• WORK INSTRUCTION
Set down, exactly as written, the line containing "Hi there, welcome" and all the lines that follow it to the end of the entries below, omitting every picture.

• SUPPLIED DATA

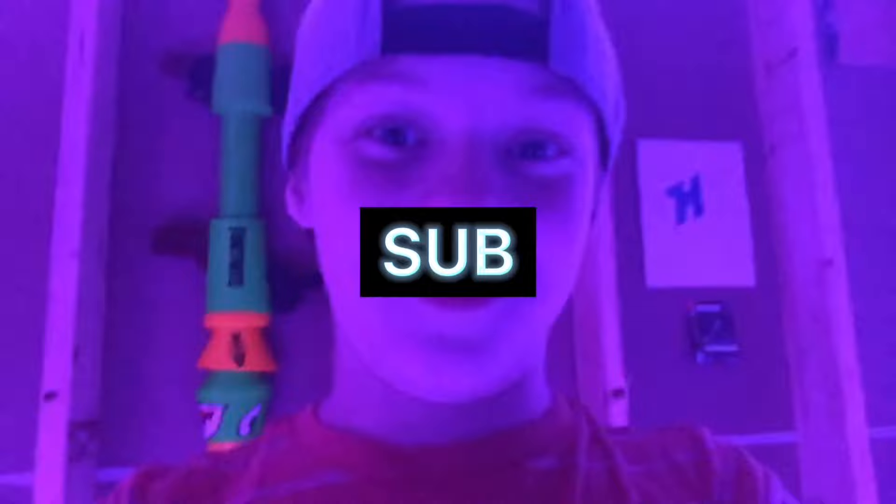Be sure to watch this video all the way through so you know what to do. Smash that like button and subscribe if you want. Let's get on to the video.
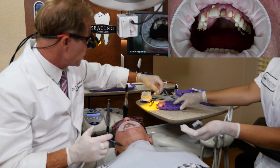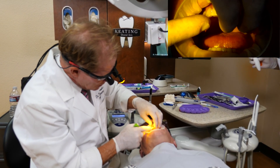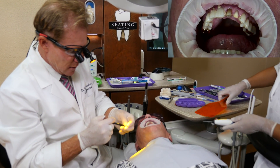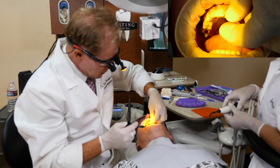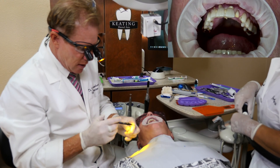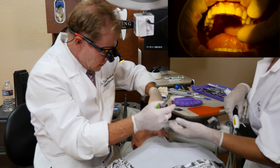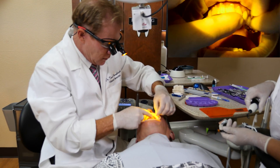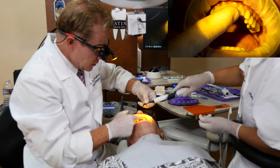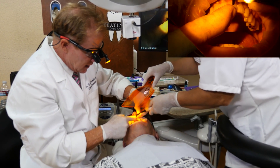Next will be the 2mm light guide. We're going to use the tack and wave technique. I cure dead center for one second — just a one-second tack. You don't turn it on until I tell you to, and you don't take it out of the mouth until it's turned off. The crowns fit unbelievably well.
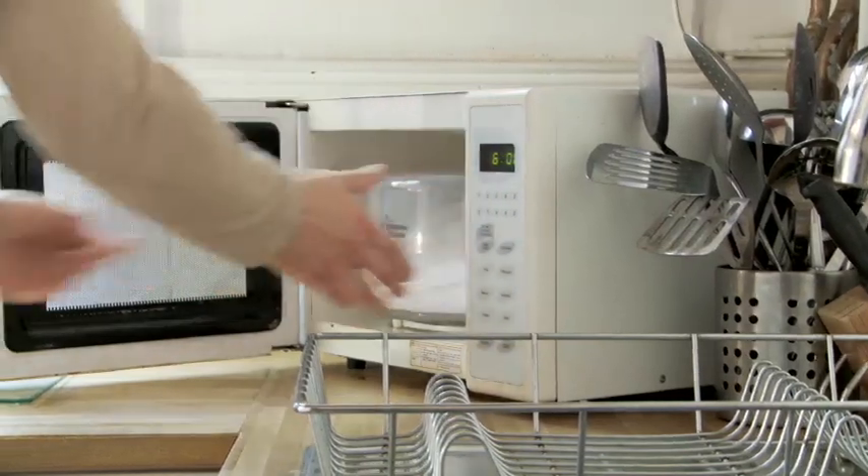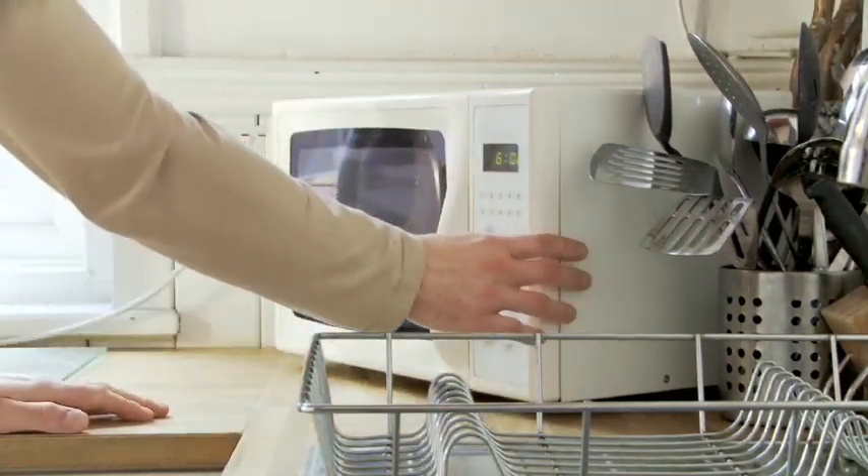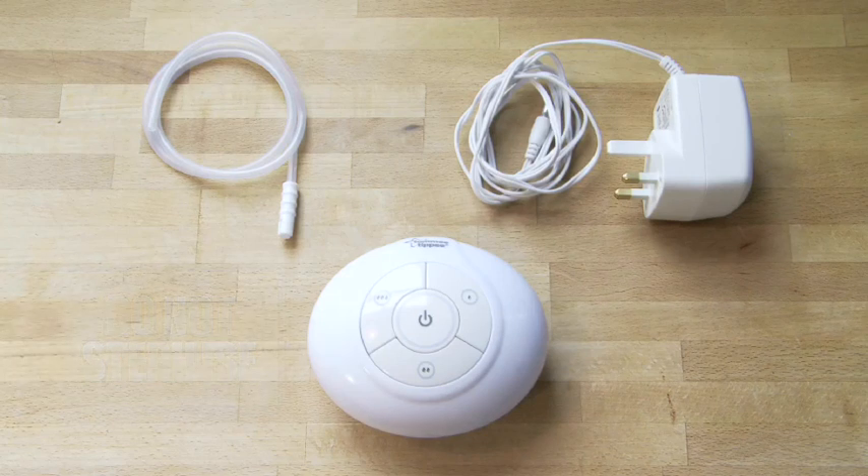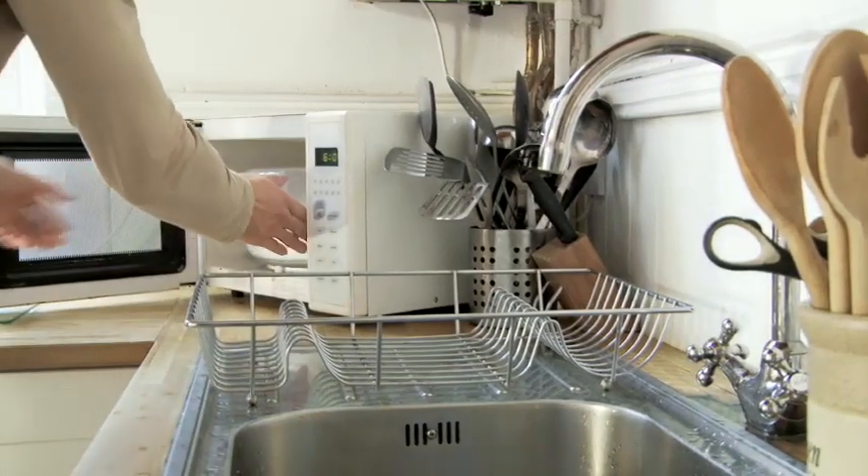When you sterilise your pump, bear in mind that three components should never be sterilised: the air tube, motor and mains power adapter. Inadvertently sterilising these parts can render them unusable.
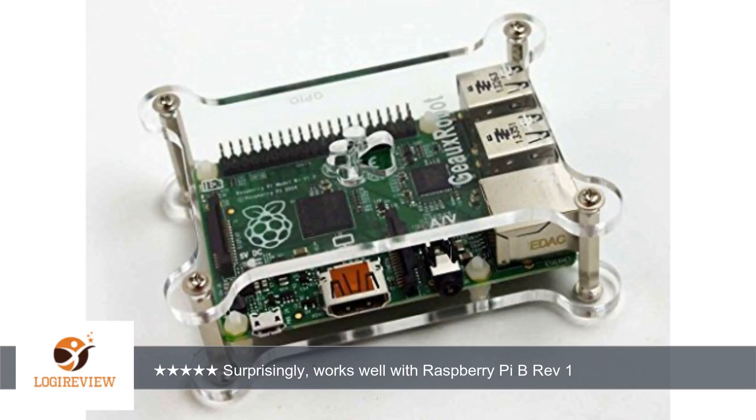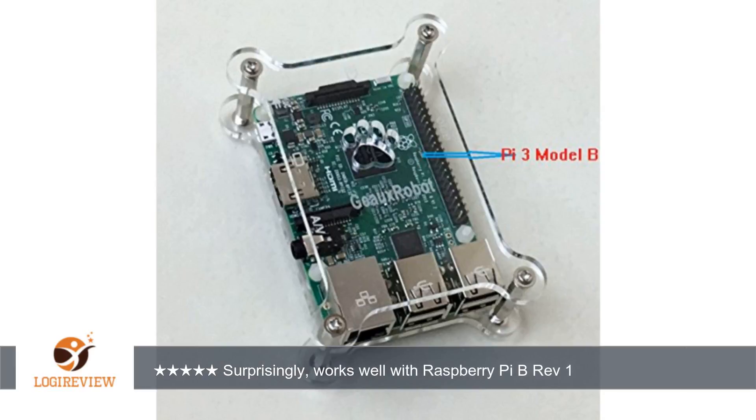Hello, welcome to Best Reviews on YouTube. This item has a rating of 4.8 out of 5 stars. A customer wrote: 'I bought this for my son. I'm using a more enclosed case because I travel a lot and take my Raspberry Pi with me.'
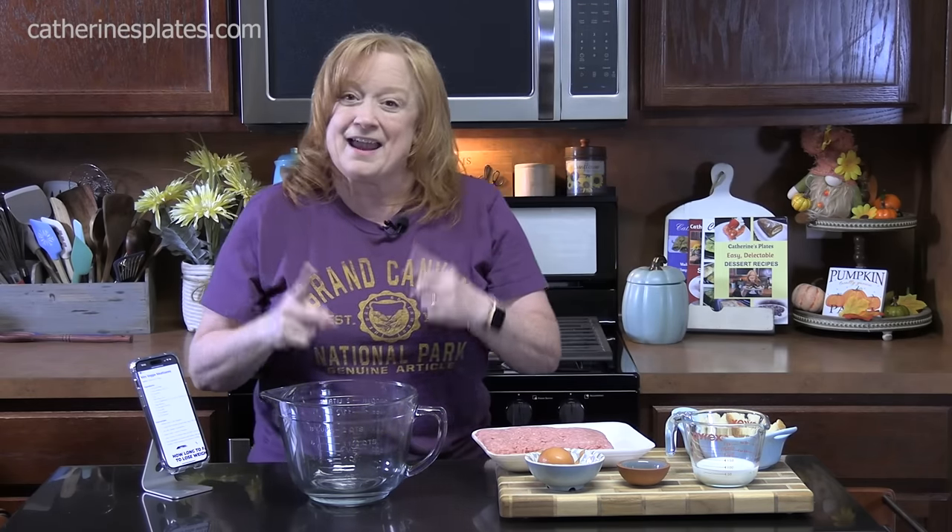Welcome everyone. Today I'm taking you back. I'm going to show you how to make ground beef and veggie meatloaves. These are in muffin form, so they're a really fun way to eat meatloaf. This recipe goes way back to the very beginning — the first recipe I made for you guys, back in April of 2018. You can find it on my recipe blog at katherinesplates.com.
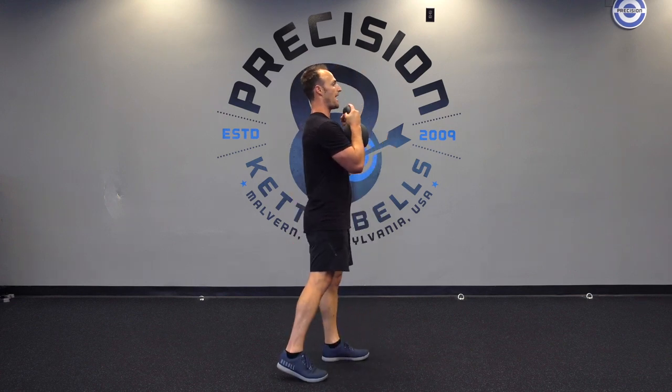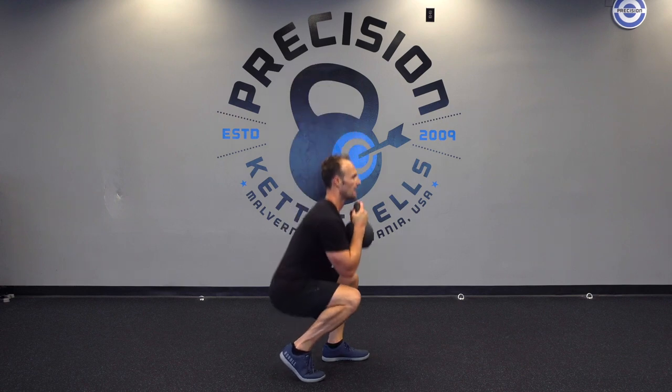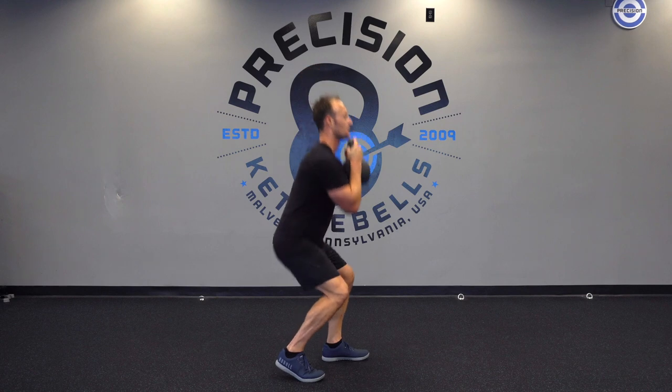Down, up, down — but not too much. So looking like this again: slide one foot back. Heel's off the ground. Squat down, stand up. Squat down, stand up. Basically, you would switch sides when it came to it.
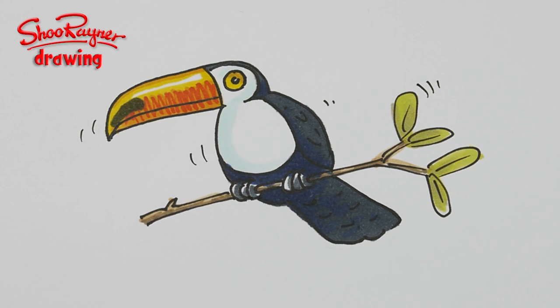Hi there, welcome to the Shoo Rayner Drawing Channel. Today I'm going to show you how to draw a toucan, which I was asked to do very recently in a comment. I thought yeah, why not — and I cannot find the comment, so I can't tell you who it was that asked me to do it. If it was you, you know who you are.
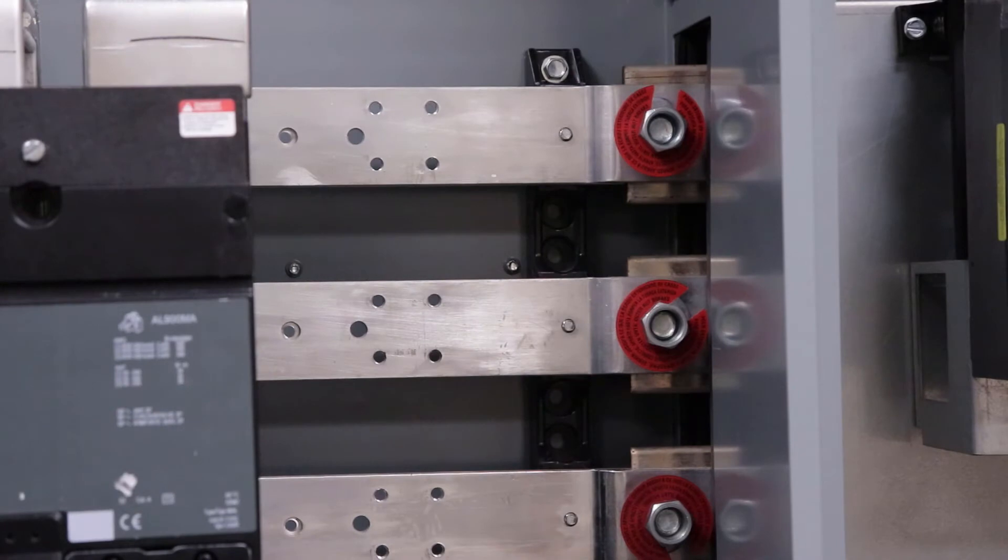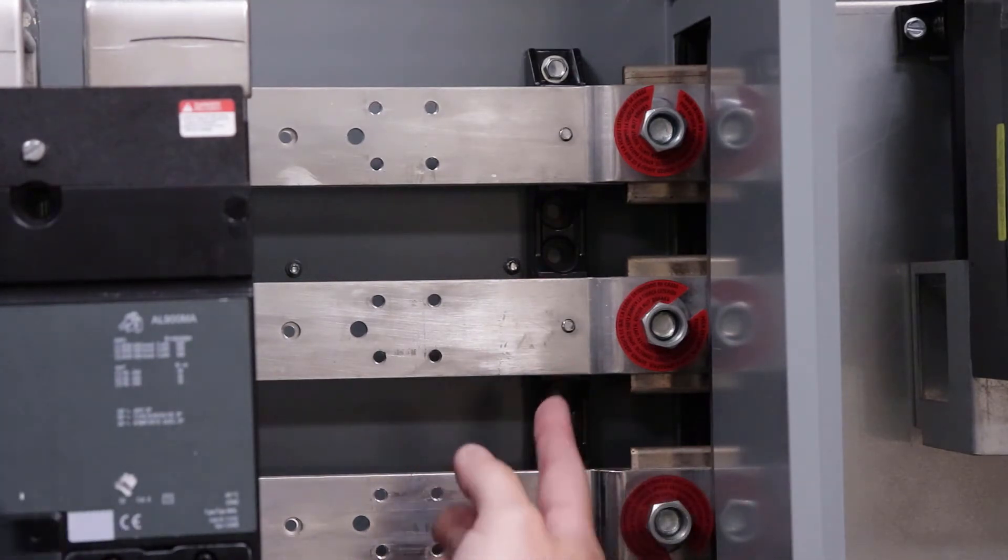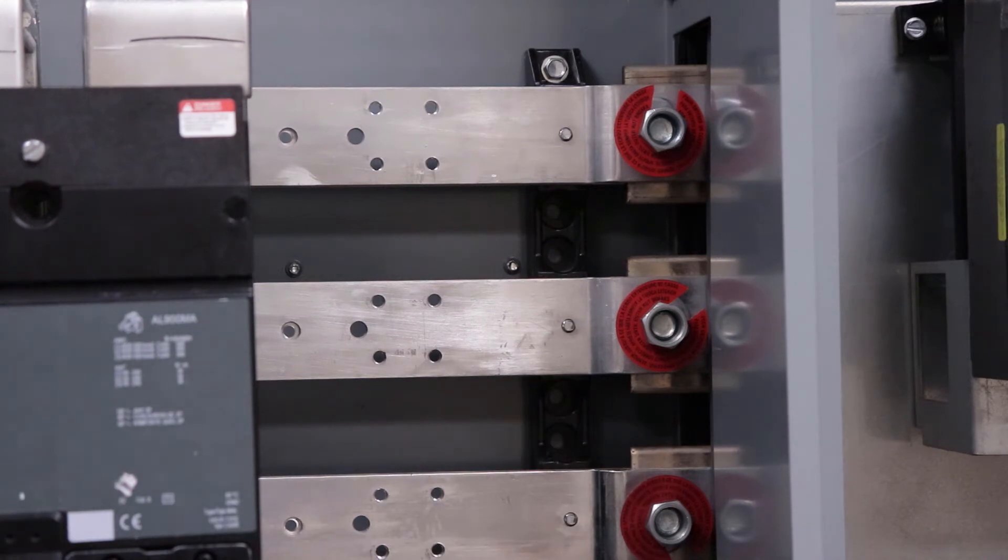When connecting EZM devices, once the horizontal cross bus has slid together, you will need to tighten the Visi-Tite nut until the outer head breaks off and the red disc falls, ensuring you have met the initial torque requirements.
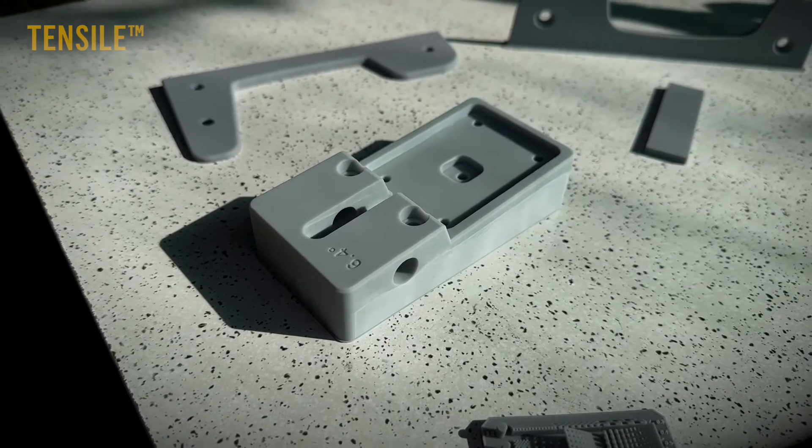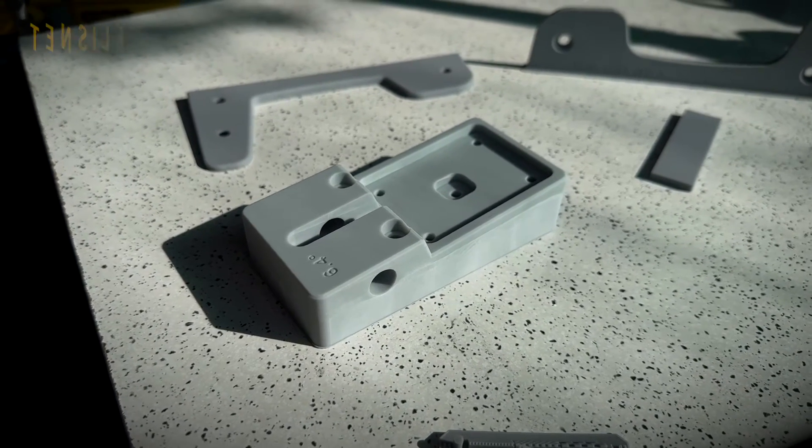As a commercial 3D printer, we print with a lot of resins from a variety of manufacturers, and so far we've found the Tensile to be one of the best resins we've ever used. Having a resin I can rely on and guarantee my products are going to arrive safely is a big plus for me.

• EXERCISE RESULT
Hi there, welcome to the Shoo Rayner Drawing Channel. Today I'm going to show you how to draw a toucan, which I was asked to do very recently in a comment. I thought yeah, why not — and I cannot find the comment, so I can't tell you who it was that asked me to do it. If it was you, you know who you are.
When connecting EZM devices, once the horizontal cross bus has slid together, you will need to tighten the Visi-Tite nut until the outer head breaks off and the red disc falls, ensuring you have met the initial torque requirements.
As a commercial 3D printer, we print with a lot of resins from a variety of manufacturers, and so far we've found the Tensile to be one of the best resins we've ever used. Having a resin I can rely on and guarantee my products are going to arrive safely is a big plus for me.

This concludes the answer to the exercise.